Dr. Lewis’ classes changed my brain, cracked the code on critical thinking for me in a way that nothing had before. One of the big questions I carry from those classes is, “How do we know what we know?” Or asked another way: “How do we know when we know something?”
For example, Dr. Lewis would say. Prove to me you’re not a brain in a jar in a lab in Topeka, being fed all the electrical impulses necessary to simulate everything you think you’re currently hearing, seeing, touching, feeling, and experiencing. Maybe those scientists at the, whatever, Topeka Brain Institute—maybe they’re feeding your brain random electrical impulses, but because it’s a human brain, or at least possessed of some form of intelligence, its heuristic nature knits those sensations together into some kind of storyline.
It’s a version of the simulation hypothesis: The Topeka Problem. Prove to me—more importantly, prove to yourself—you’re not a brain in a jar in a lab in Topeka.
But you can’t prove a negative, right? Prove to me you’re not a brain—can’t be done. Or prove to me you’re not some random collection of sensations fed to me by those Topeka brain scientists—or, let’s be honest, their interns. You can’t prove to me you’re not a figment of my imagination, a character on the holodeck, a glitch in the matrix, an NPC.
Okay, so let’s posit for a moment that I’m a brain in a jar in a lab in Topeka.
There are now two realities. There’s the reality in the jar in the lab in Topeka, where I’m a brain, being fed electrical impulses.
But there’s also the world I appear to see and hear and touch and feel and experience, where there’s a keyboard under my fingers and air in my lungs and a chair under my butt.
Even if I allow that it’s not real, that it’s a simulation, it’s still the only one of the two realities where I have—or at least appear to have—any agency. Perhaps, because it is simulated, all my choices are preordained—but from my perspective, it doesn’t seem that way.
All of which is to say, as with all questions of meaning, of spirituality, of the great unknowns, my answer is, as always, “I don’t know.” I don’t know if I’m a brain in a jar in a lab in Topeka or a bunch of bits in a universe simulation. Probably am.
But since I at least have the appearance—if not the actual reality—of agency in this world, I’ll choose to participate in it. I can sense it, feel it, relate to it. It seems real to me, and I seem in some way, evolutionarily at least, suited to it. Done conscientiously, intentionally, it’s a leaning toward absurdity—perhaps it’s all meaningless! But what else are you going to do, really? Might as well get in the pool.

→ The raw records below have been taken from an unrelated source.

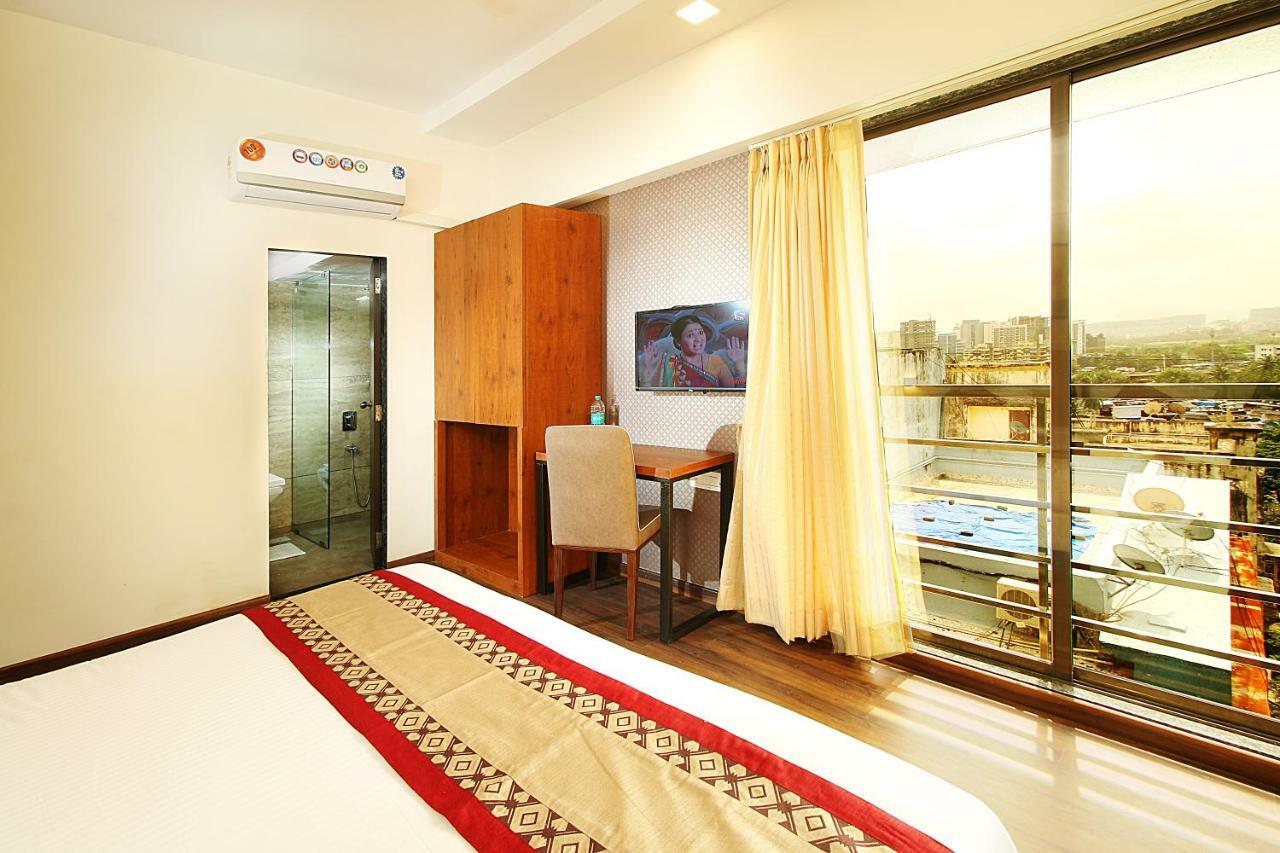 Mumbai House Luxury Apartments Santacruz East, Мумбай Екстериор снимка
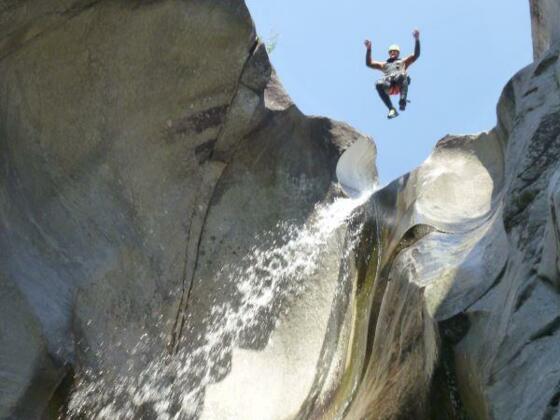 aquaMonte Outdoorsport_canyoning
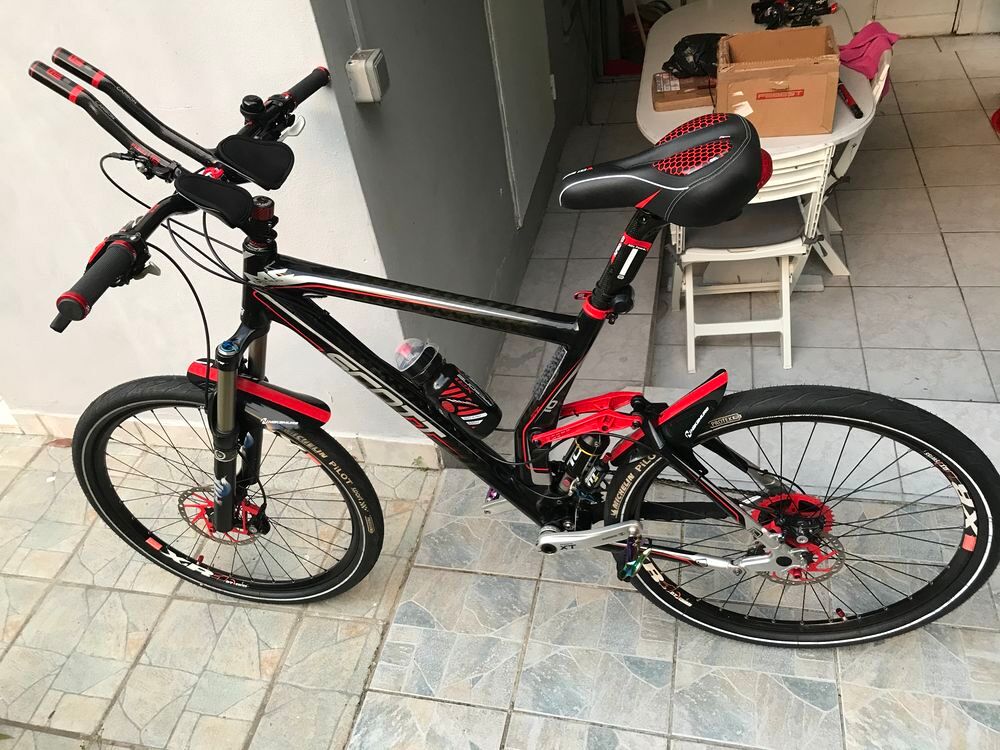 Vtt Scott Genius. Full carbone Vélos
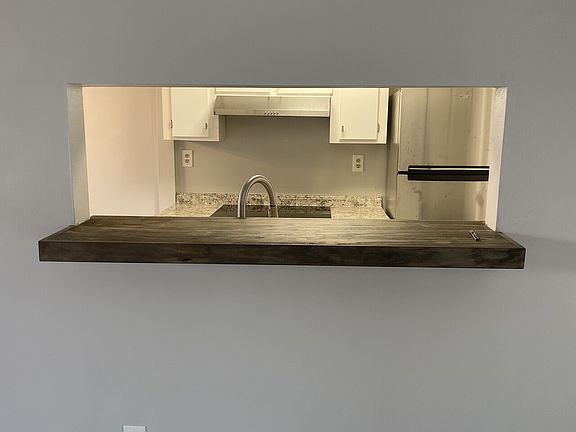 2nd image of 3914 Breakwater Dr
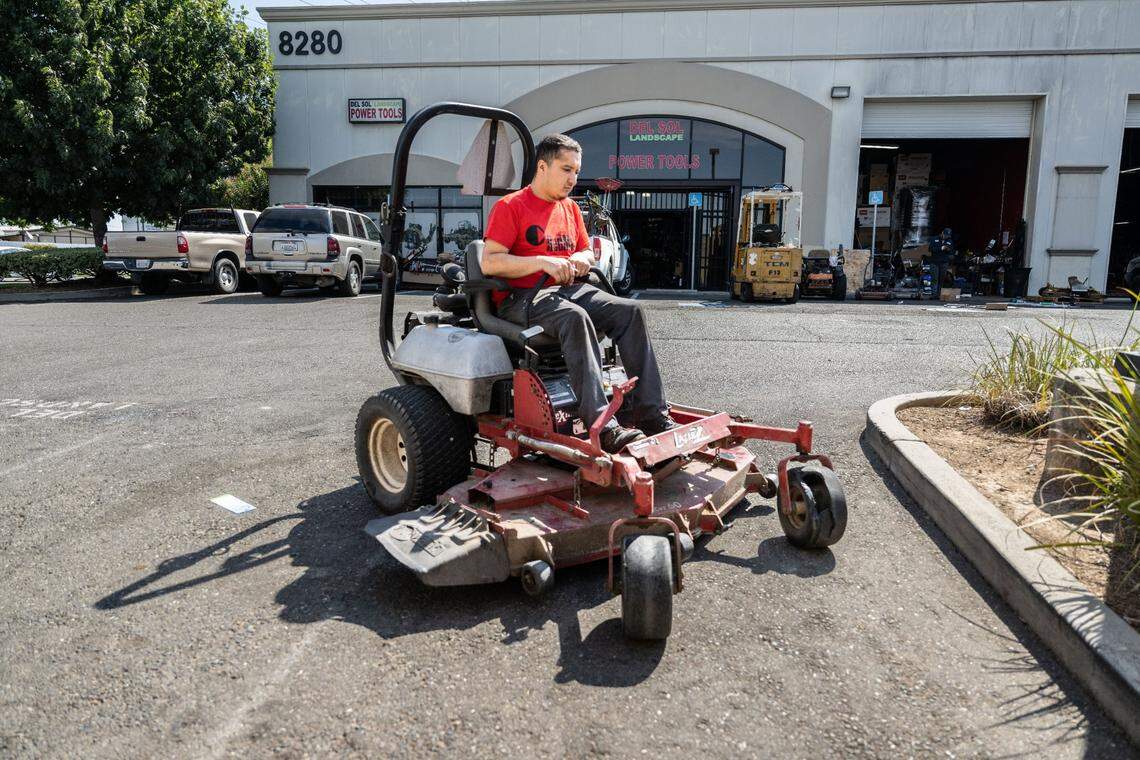 When Will Gas Lawn Mowers Be Banned in California: Key Deadlines Revealed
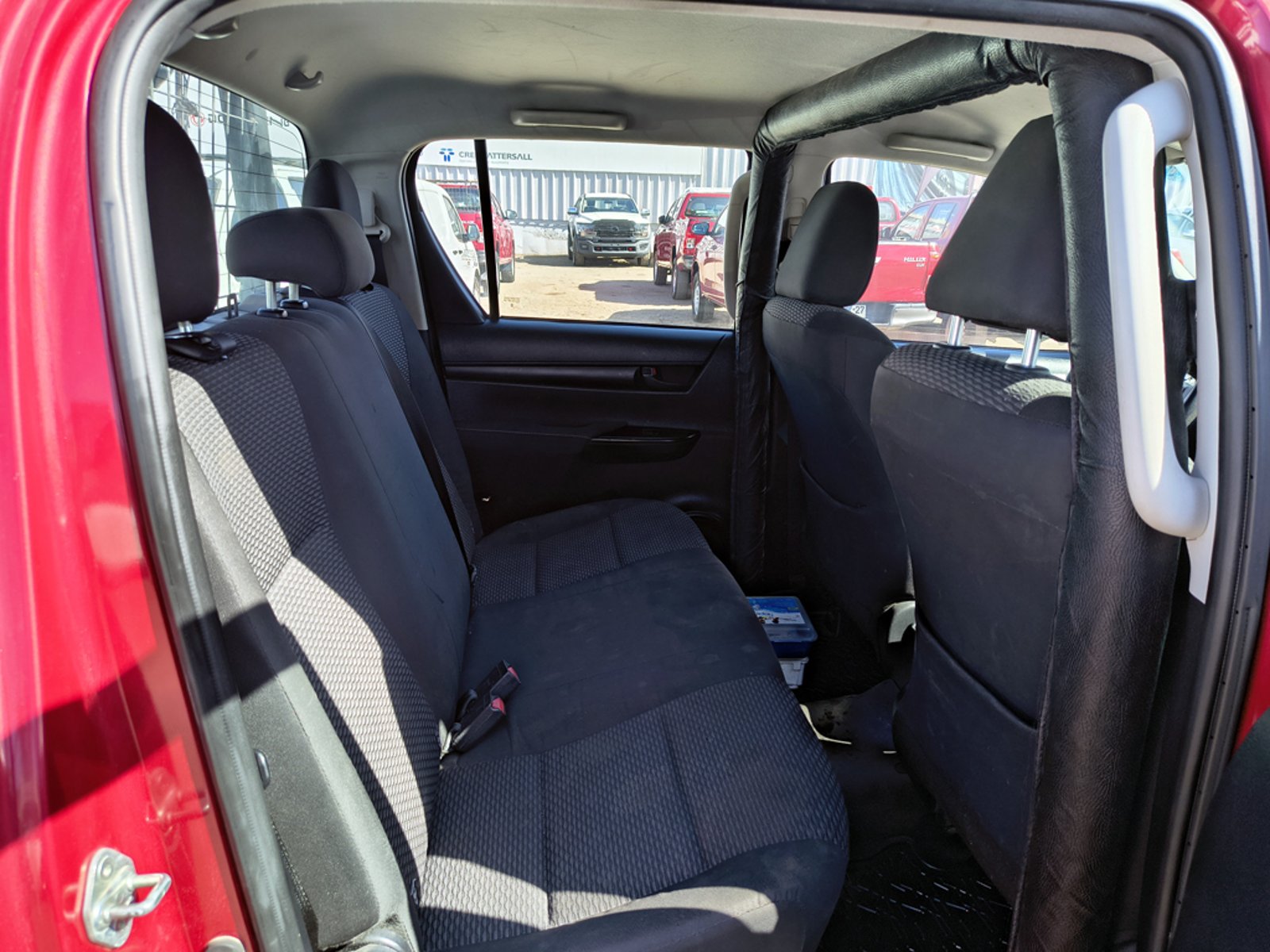 Toyota HILUX 2.4 Diesel 4x4 T/M 2024 - Imagen 20 de 20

It’s fall here now, and I keep catching that musty, frosty smell of autumn leaves cold and damp, and it grounds me. It feels like a tether to something more real than real. The veil always seems to be down somewhat this time of year, whatever that means. The things we can’t see seem glimpsable in the corners of our eyes, the corners of our homes at the witching hour.
I ground myself in the reality I was made for. What is the nature of its—of my—existence? TBD. But accepting what’s in front of me, so to speak, seems like a good—though not perfect—solution to the Topeka Problem.
Too bad I can’t send all that back through time twenty-five years so I’d have it ready to go for Dr. Lewis. I like to think he’d like that answer.